Put That Guitar Down
(and really improve as a musician!)
By Chris Standring ( www.chrisstandring.com )

For all the words of encouragement you have ever heard pertaining to picking up the guitar and practicing, either from me or your own sources, this article may come as a bit of a surprise to you. For once I am going to tell you to put the guitar down!

A little confused? Don't be, I'll try to explain. And the best way I can get my point across is by sharing an experience I personally had some time ago.

Back in the 80's, I went to music college in London. I feverishly studied classical guitar for 3 years. Practiced for hours each day. During this time I really developed some good disciplinary skills as far as practice was concerned. I would split up the day. Morning playing Bach fugues or whatever torturous classical guitar piece that had enslaved me at the time. A break for lunch, and in the afternoon I would pick up my electric guitar and plough through violin and flute music, which I'd rented from the music school library, to get my sight-reading together. Reading jazz and pop music is very different from classical music because phrasing interpretation is relative to the genre being played. So it is as much about listening to the band as it is reading the note values. So I wanted to get that together. Finally I worked on jazz harmony, specifically vocabulary for playing over changes. The Charlie Parker Omnibook was my bible, but I would also listen to be-bop players and steal their phrases and try to figure out how I should work them into my own playing. I remember stealing from Cannonball Adderly, Miles Davis, Mike Brecker, and I fell in love with the swinging styles of pianists Red Garland and Wynton Kelly, both of whom played on Miles Davis' album "Milestones", a record that had a profound effect on me. Just as importantly, I listened to the way these musicians would feel the music. It wasn't just about the notes.

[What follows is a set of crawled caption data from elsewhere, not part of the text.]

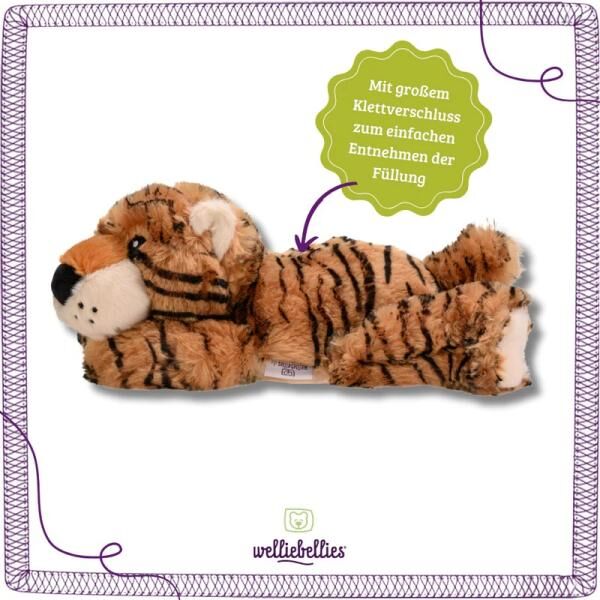 welliebellies® "Tiger groß" Wärmekuscheltier mit Bio-Hirse-Füllung, spendet bis zu 90 min Wärme
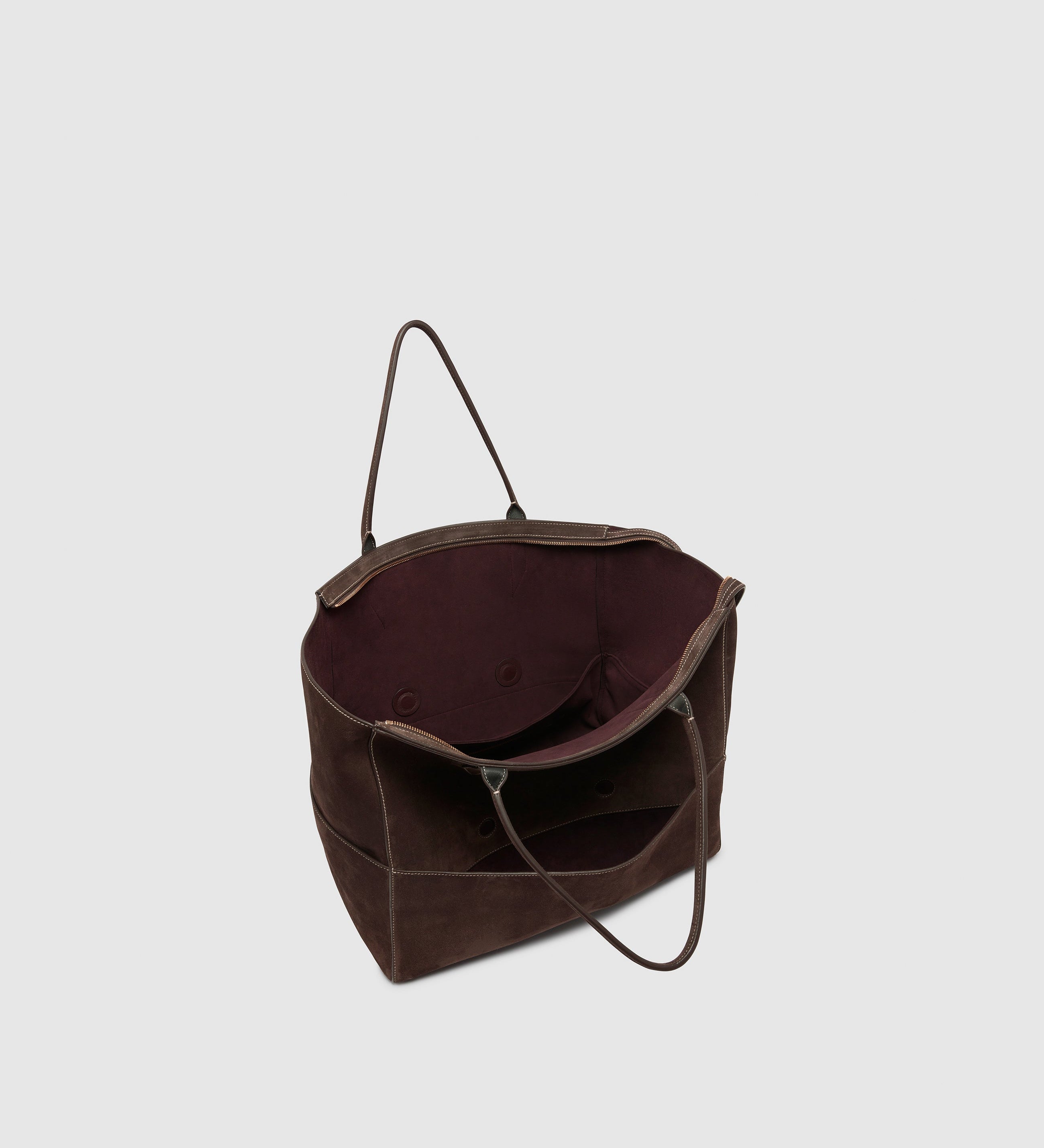 Metier - Incognito 42 Cabas Suede Chocolate with Salt Stitching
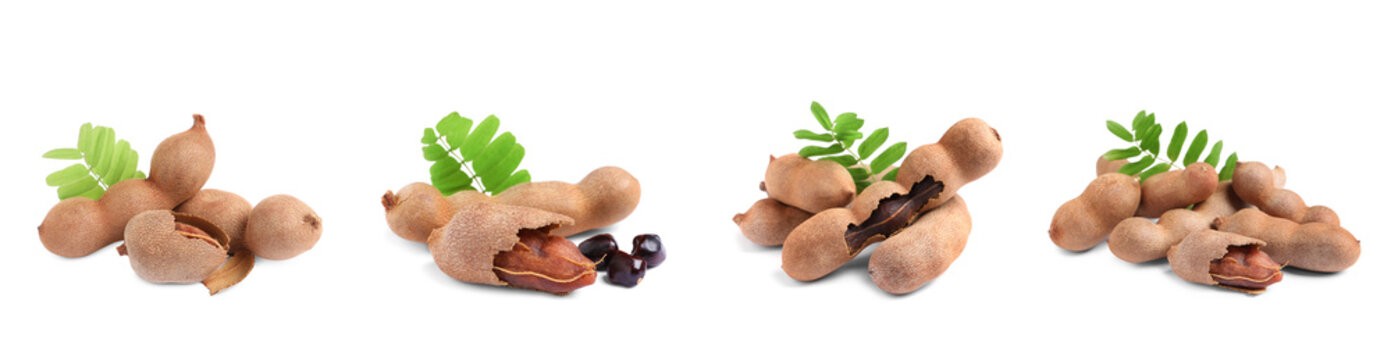Set with delicious ripe tamarinds on white background, banner design. Exotic fruit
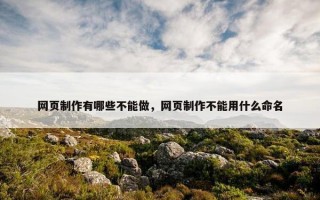 网页制作有哪些不能做，网页制作不能用什么命名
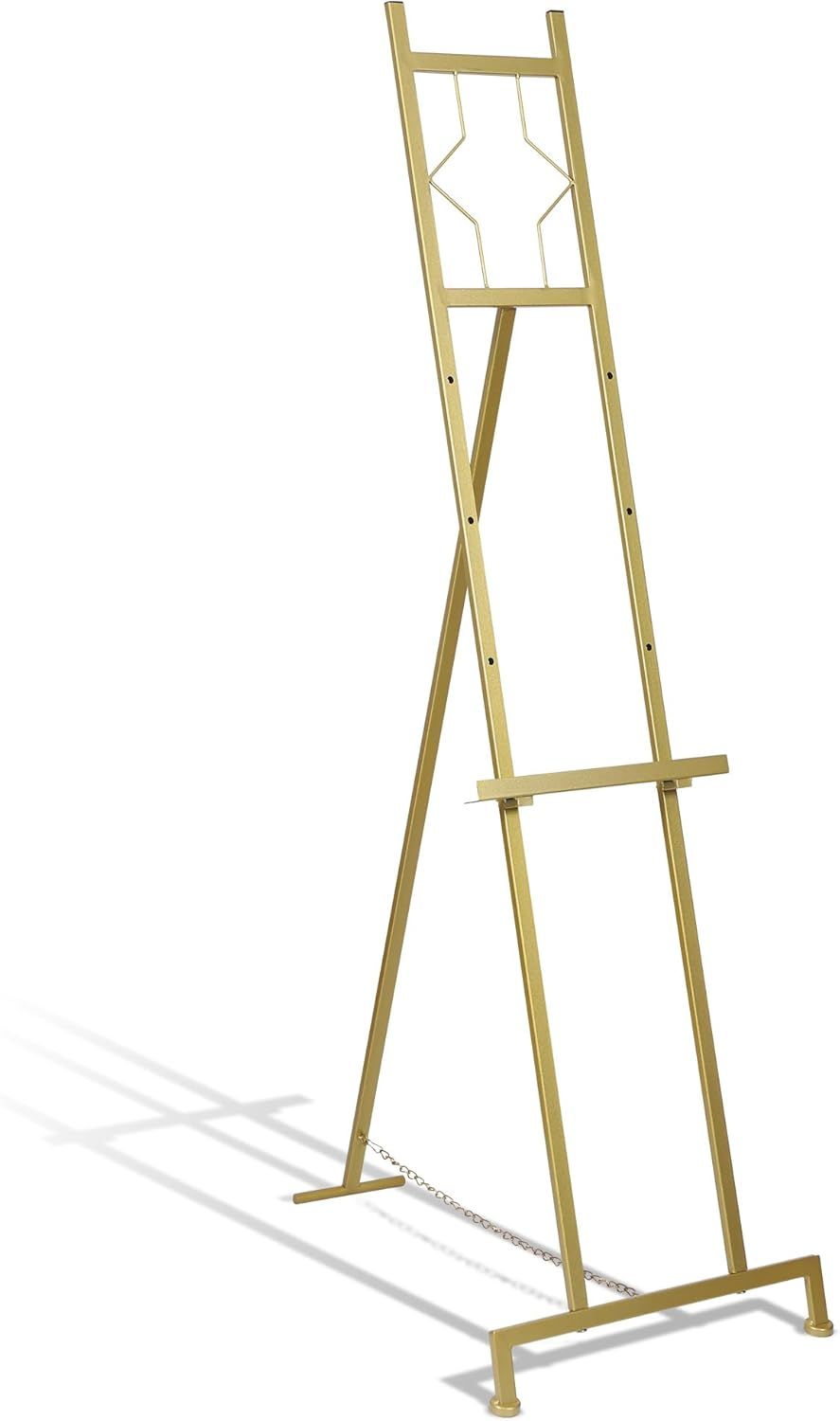 Gold Adjustable Metal Floor Easel with Chain Support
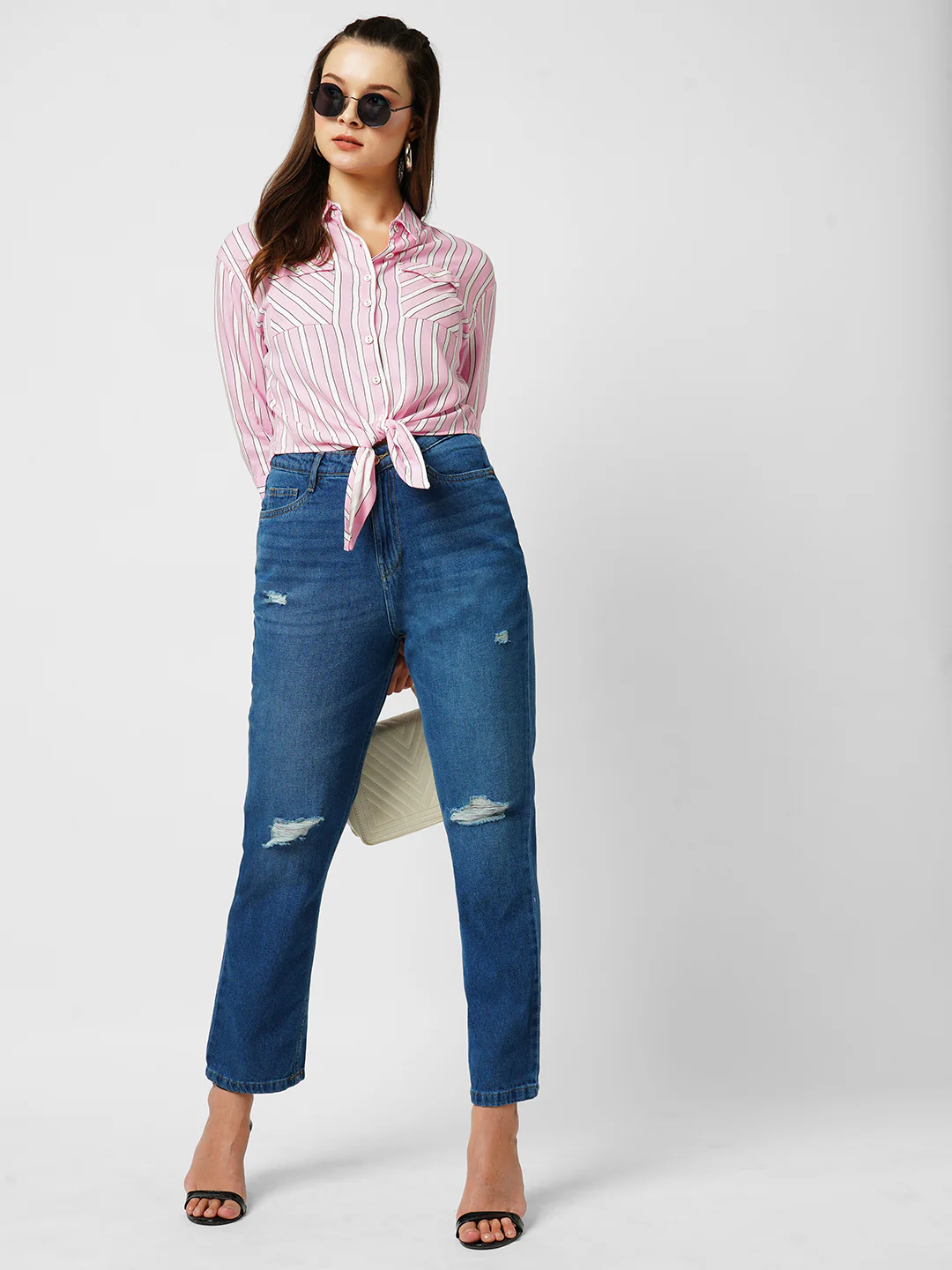 Women Medium Blue High-Rise Straight Fit Jeans - Image 4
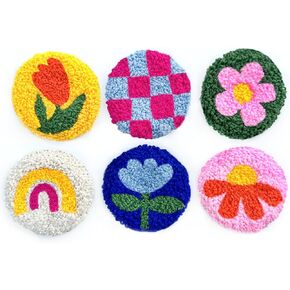 SPINNY Punch Needle Kit, Set of 6 Coasters, Includes Beginner Video Tutorials and Instructions, Beginner Punch Stitch for Adults, Mug Rug Punch Needle Kit,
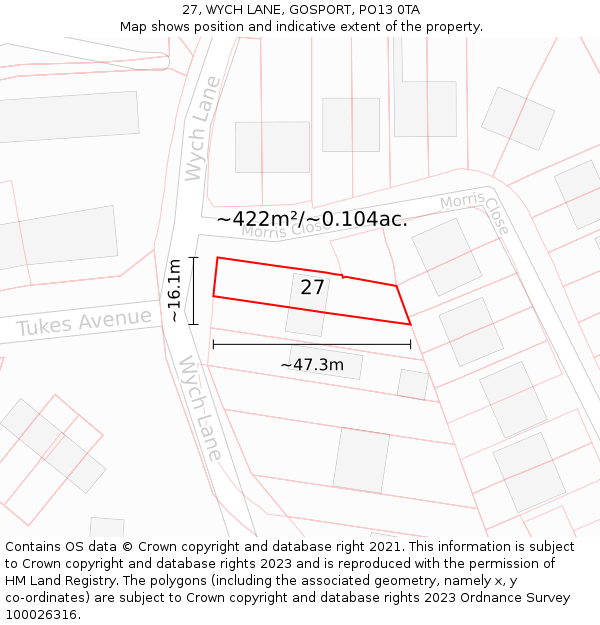 27, WYCH LANE, GOSPORT, PO13 0TA: Plot and title map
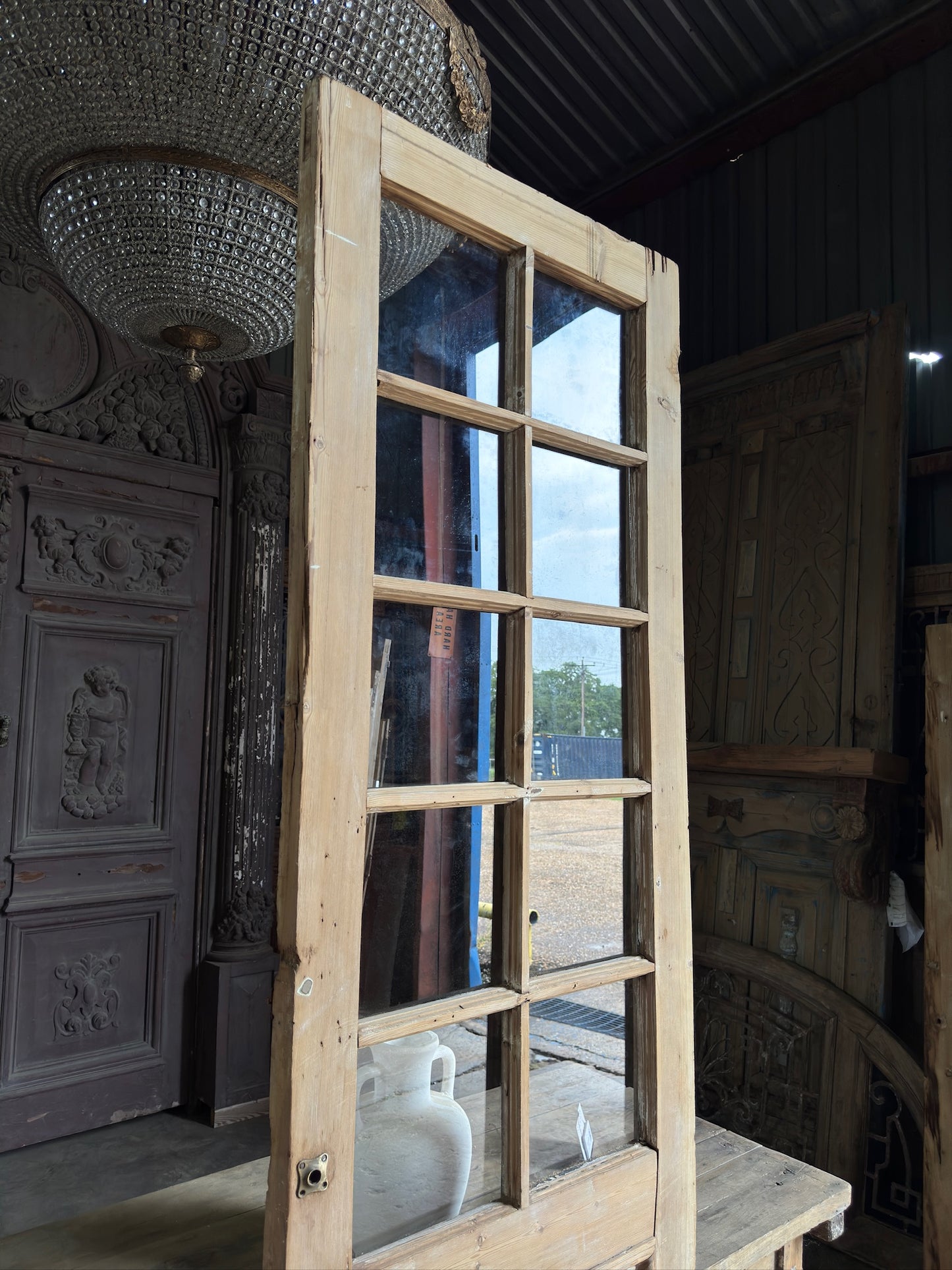 10 Lite Antique Glass Single Door - 29.5x99 K122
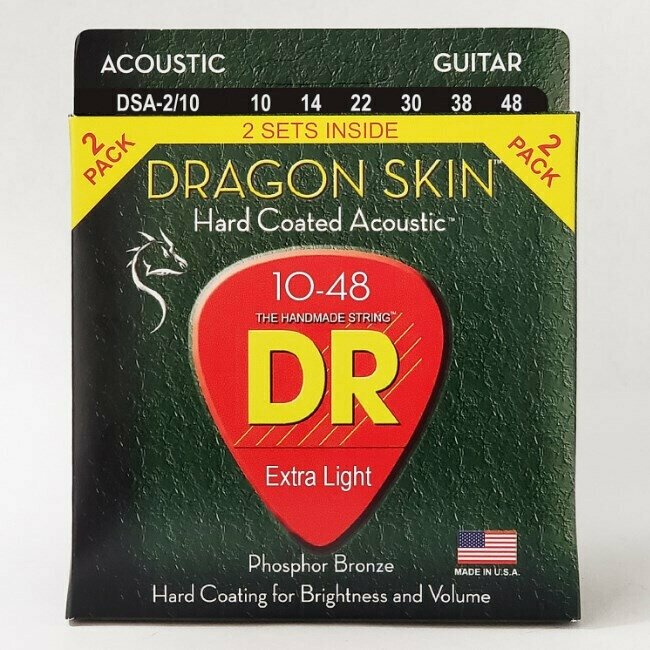 DR DSA-2/10 DRAGON SKIN 2 комплекта струн для акустической гитары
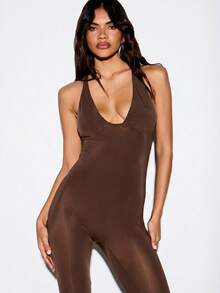 KIZN Halter Neck Deep V Plunge Catsuit Full Length Skinny Leg Jumpsuit Backless Slinky Bodysuit - Brown - View 6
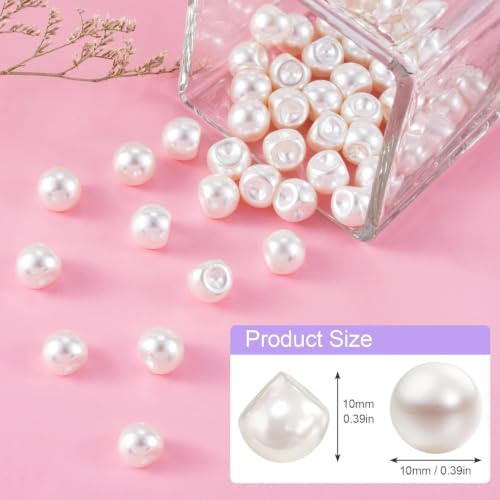 Image of Pack of 15 pcs Round Pearl Buttons with Hole Diameter 10 mm, for Sewing and Art and Craft | White Plastic Pearl Bead Decoration Accessories for Sewing Dress Sweater Skirt Shirt DIY Jewelry Making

Wynton Kelly in particular had a certain thing about playing over altered chords. He would play 4 note phrases that would be repeated in thirds going down. Sometimes in whole tones. In fact many jazz guys I knew at the time would make fun of his style a little bit by singing his name as they played those motifs, going "Wyn-ton-Kell-ey-Wyn-ton-Kell-ey" and so on. After I got the hang of his ideas I would find myself sitting at the guitar and working out my own variations of those ideas. Pretty soon I had a whole bag of Wynton style 'tricks".

And then something interesting happened...

I would practice and practice these new motifs and melodic ideas and really try to work them into my playing. Pretty soon I had a pretty broad library of resources I could draw from. And I would practice them over Jamie Abersold records and so on. The woodshedding continued. Over time, I realized that some of those phrases were technically difficult to play on guitar (...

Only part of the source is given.